REQUIREMENT → Leaving out the images, please reproduce each line below exactly.

MATERIAL PROVIDED →

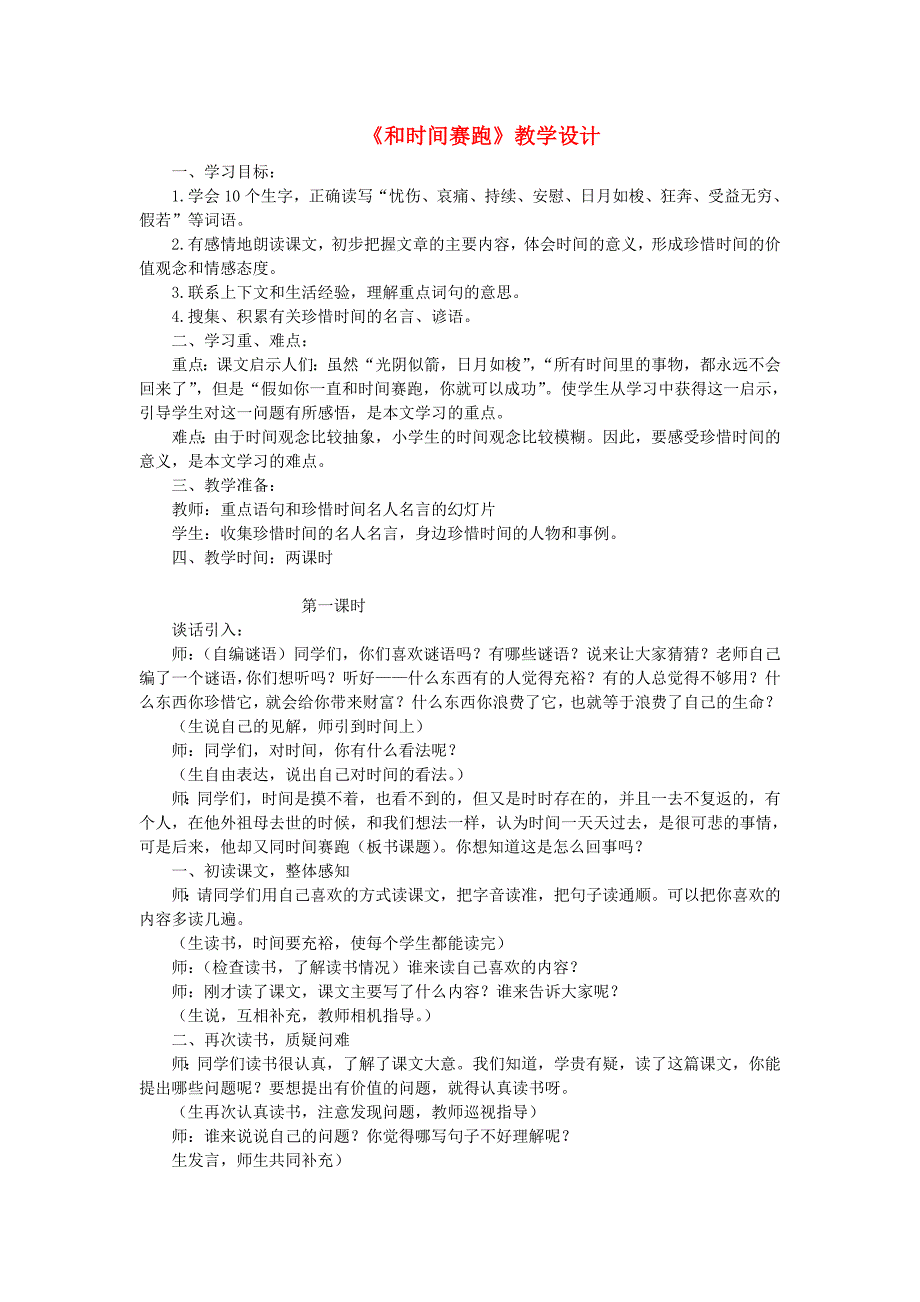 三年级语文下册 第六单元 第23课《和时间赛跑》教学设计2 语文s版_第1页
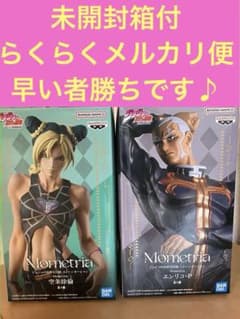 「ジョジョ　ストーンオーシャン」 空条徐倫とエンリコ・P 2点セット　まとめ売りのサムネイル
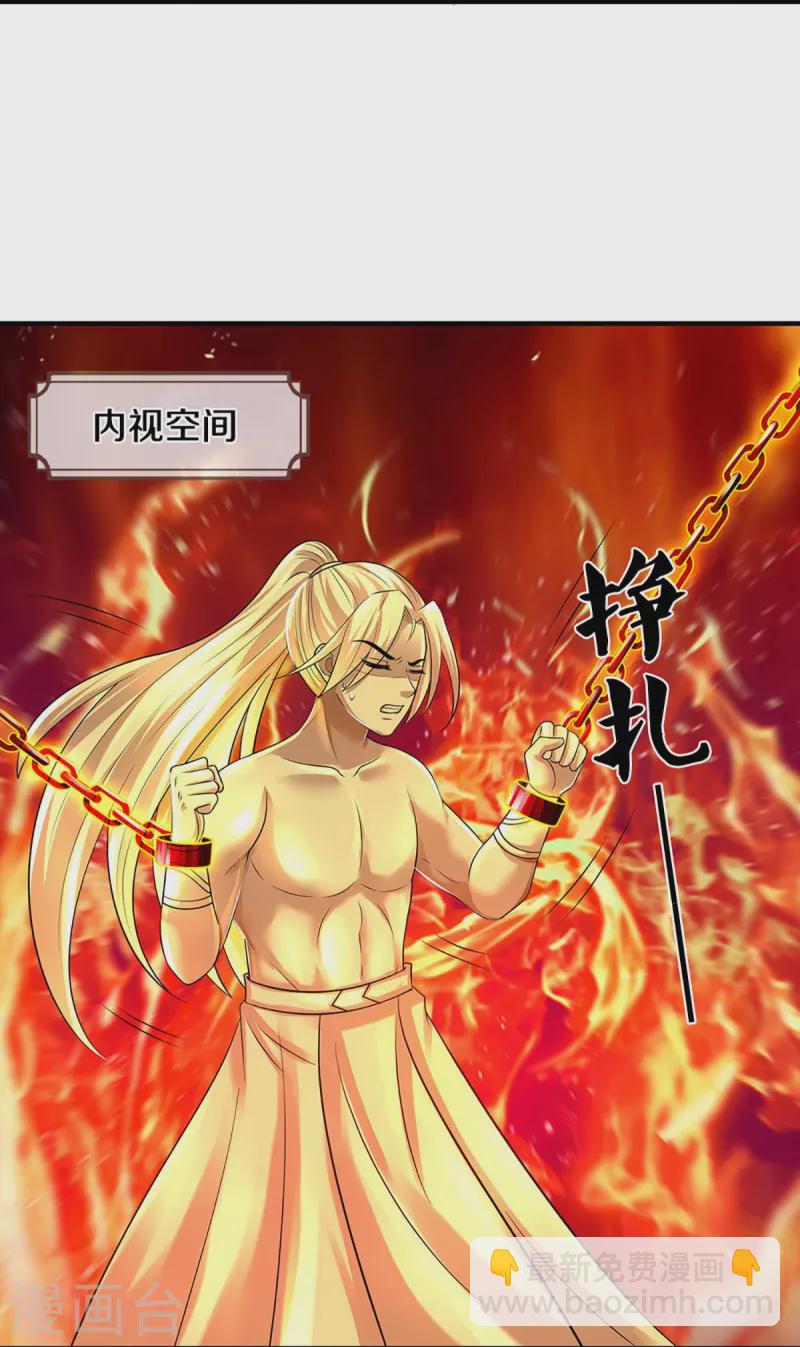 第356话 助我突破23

OUTPUT FOR THIS TASK →
 三年级语文下册 第六单元 第23课《和时间赛跑》教学设计2 语文s版_第1页
 「ジョジョ　ストーンオーシャン」 空条徐倫とエンリコ・P 2点セット　まとめ売りのサムネイル
 第356话 助我突破23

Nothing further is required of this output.